▶ _WORK ITEM_: Retype every line from the start of the entries below down to the line with "TK1617 - IP", both ends included; skip the pictures.
▼▼▼
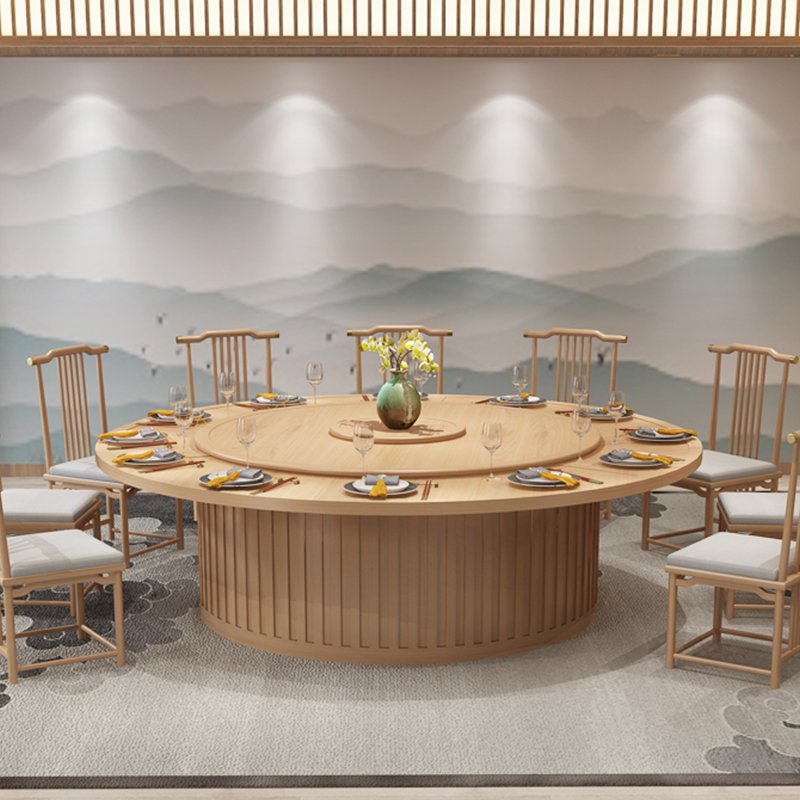 Modern large hotel turntable solid wood round table New hotel banquet wooden table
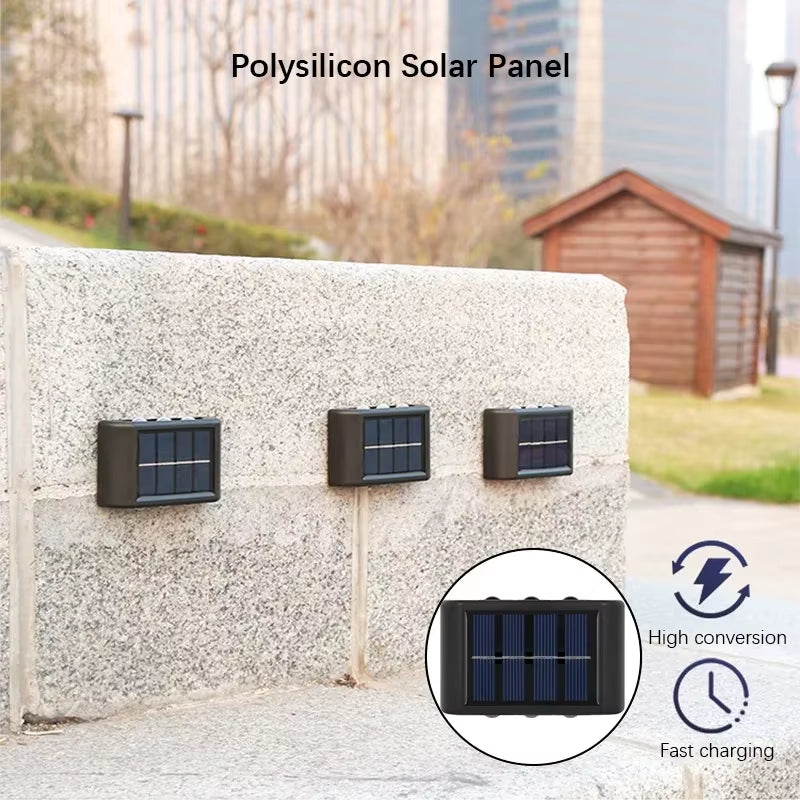 Solar LED Outdoor Wall Light Waterproof Dusk to Dawn Fence Lamp for Garden Yard Porch Pathway Patio Home Decor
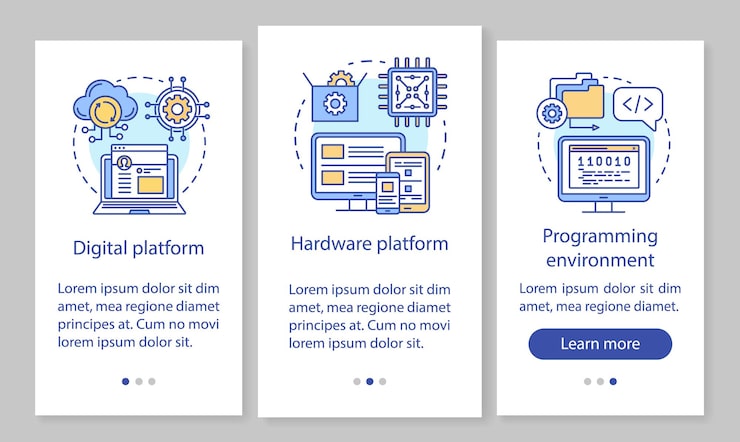 Vector programming onboarding mobile app page screen with linear concepts. cross platform development environment walkthrough steps graphic instructions. ux, ui, gui vector template with illustrations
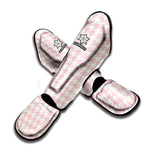 Pastel Pink And White Houndstooth Print Muay Thai Shin Guard
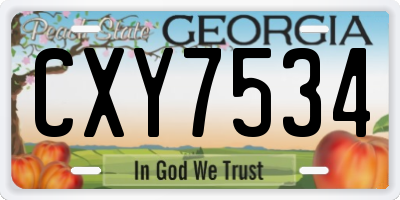 GA license plate CXY7534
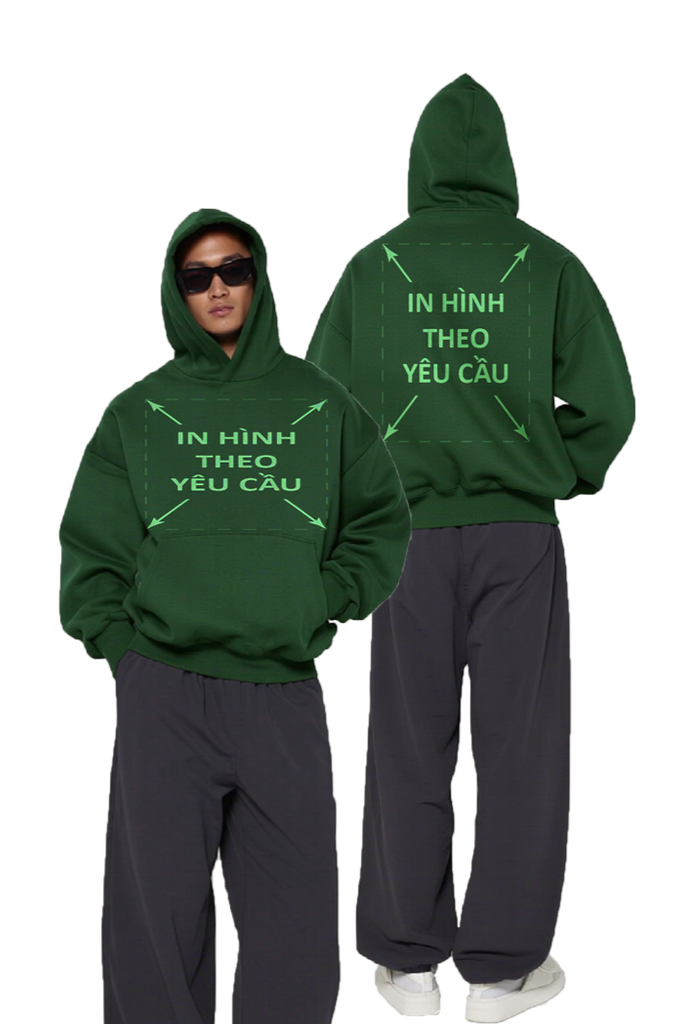 Áo Hoodie Nam Nữ Xanh Lá Oversized Boxy - Fit Super Fleece 400gsm_IN THEO YÊU CẦU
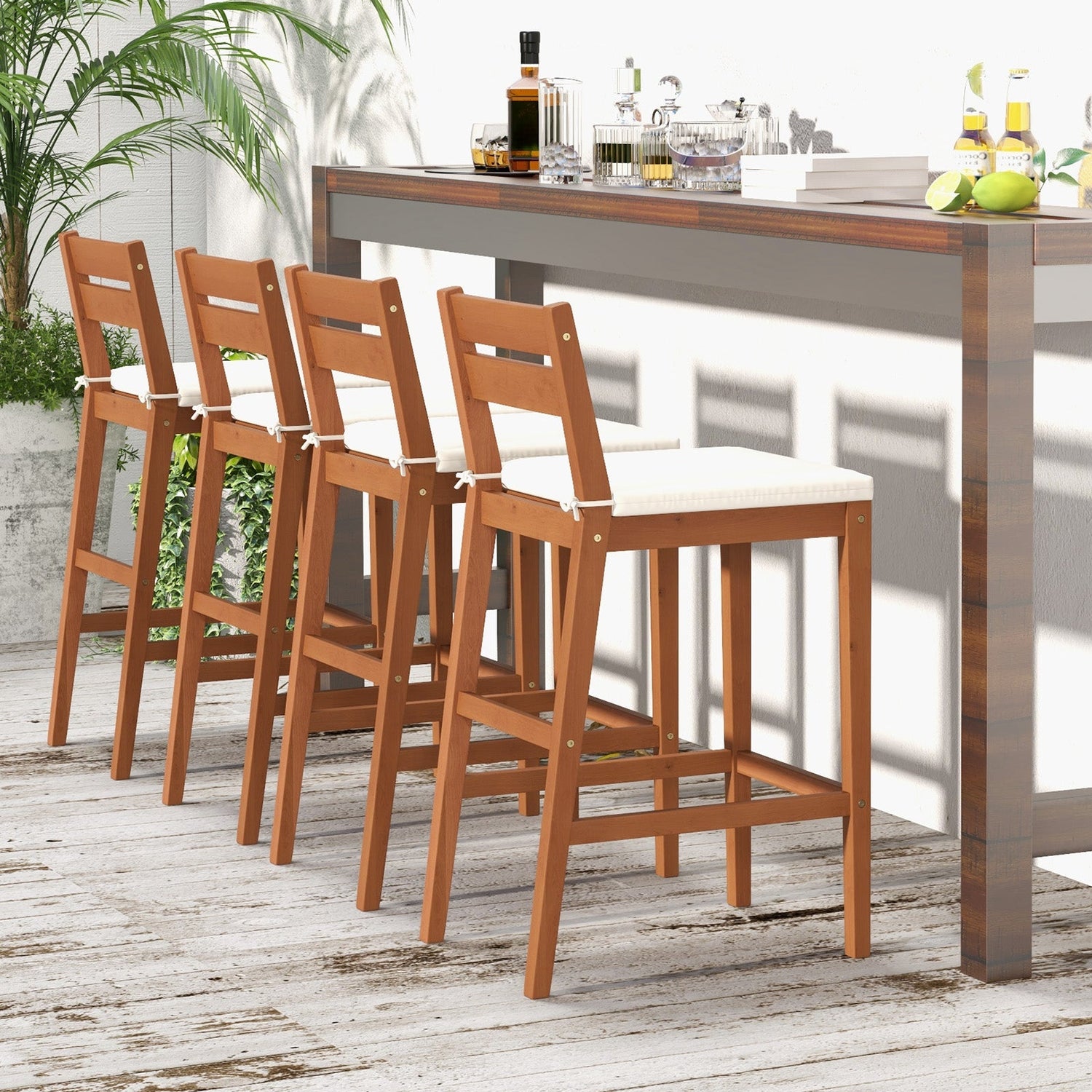 Set of 2 Outdoor Wooden Barstools with Soft Seat Cushion - Off White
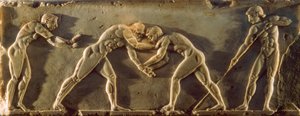 Ancient Greek athletes depicted on a 6th century B.C. bas relief. National Archeological Museum by James L Stanfield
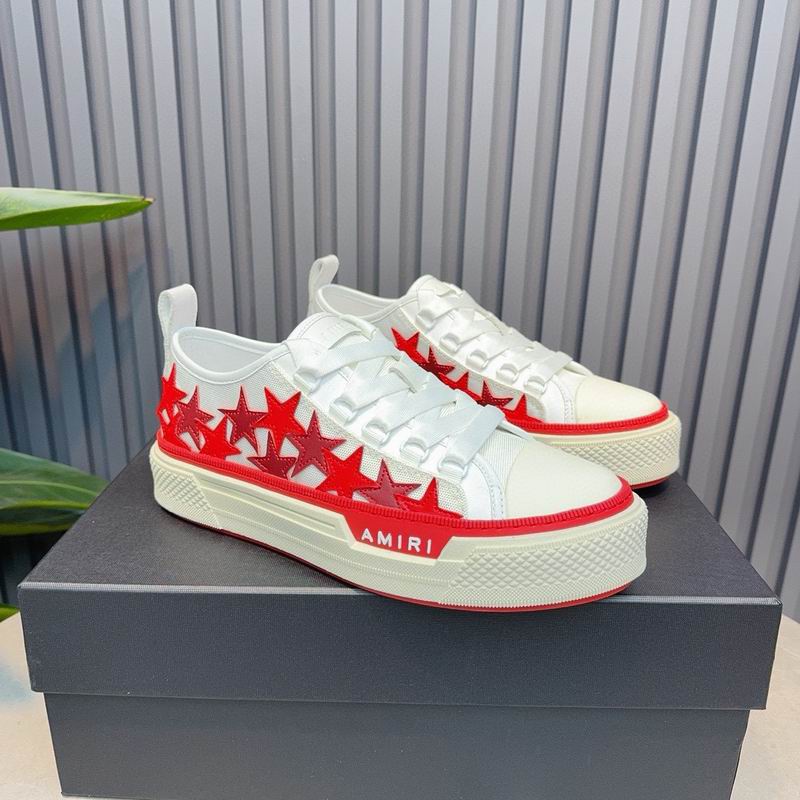 AMIRI White & Red Star Low-Top Sneakers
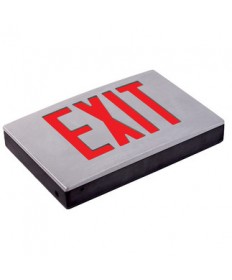 Exitronix 400U-WB-BL - LED Exit Sign - 6 Inch Red Letter - 120V / 277V - Battery Backup - Black Die Cast Aluminum Body - Exit Sign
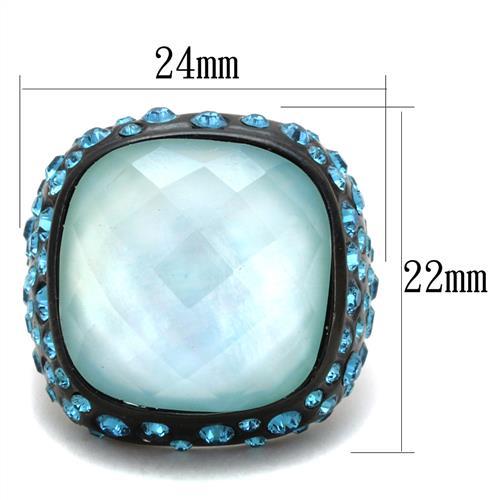 TK1617 - IP Black(Ion Plating) Stainless Steel Ring with Synthetic Synthetic Glass in Sea Blue - Joyeria Lady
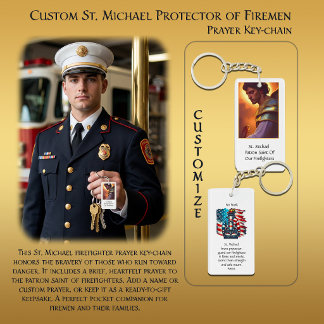 Custom St. Michael Protector der Firemen Gebet Schlüsselanhänger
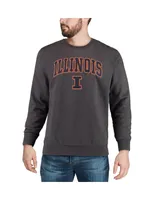 Men's Colosseum Charcoal Illinois Fighting Illini Arch and Logo Crew Neck Sweatshirt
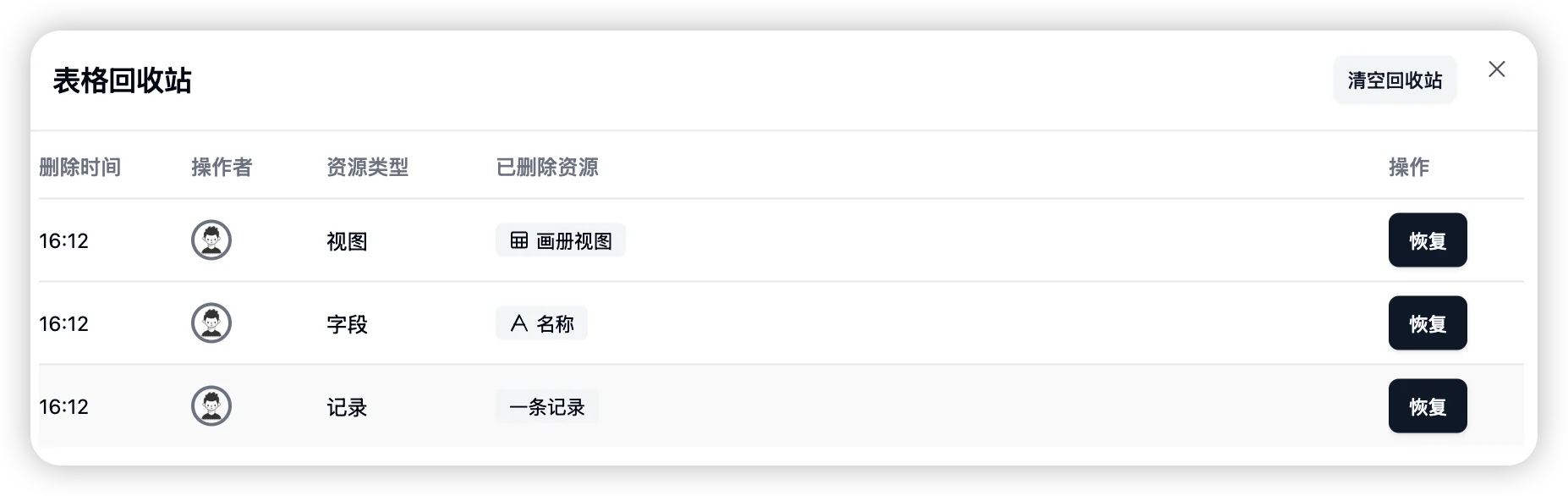 表格回收站功能截图 2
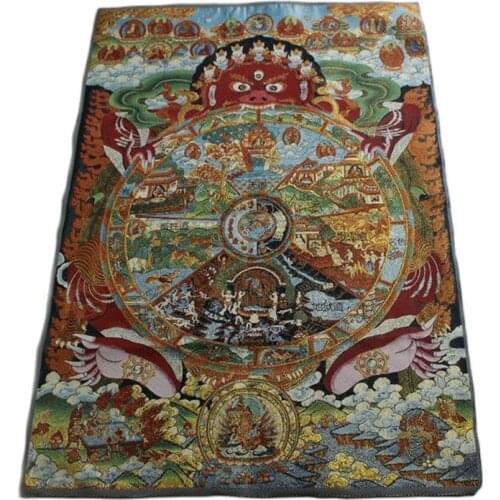 Nepalese Thangka embroidery Tibetan Buddhist six samsara Thangka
▲▲▲
▶ _PROBLEM SOLUTION_:
 Modern large hotel turntable solid wood round table New hotel banquet wooden table
 Solar LED Outdoor Wall Light Waterproof Dusk to Dawn Fence Lamp for Garden Yard Porch Pathway Patio Home Decor
 Vector programming onboarding mobile app page screen with linear concepts. cross platform development environment walkthrough steps graphic instructions. ux, ui, gui vector template with illustrations
 Pastel Pink And White Houndstooth Print Muay Thai Shin Guard
 GA license plate CXY7534
 Áo Hoodie Nam Nữ Xanh Lá Oversized Boxy - Fit Super Fleece 400gsm_IN THEO YÊU CẦU
 Set of 2 Outdoor Wooden Barstools with Soft Seat Cushion - Off White
 Ancient Greek athletes depicted on a 6th century B.C. bas relief. National Archeological Museum by James L Stanfield
 AMIRI White & Red Star Low-Top Sneakers
 Exitronix 400U-WB-BL - LED Exit Sign - 6 Inch Red Letter - 120V / 277V - Battery Backup - Black Die Cast Aluminum Body - Exit Sign
 TK1617 - IP Black(Ion Plating) Stainless Steel Ring with Synthetic Synthetic Glass in Sea Blue - Joyeria Lady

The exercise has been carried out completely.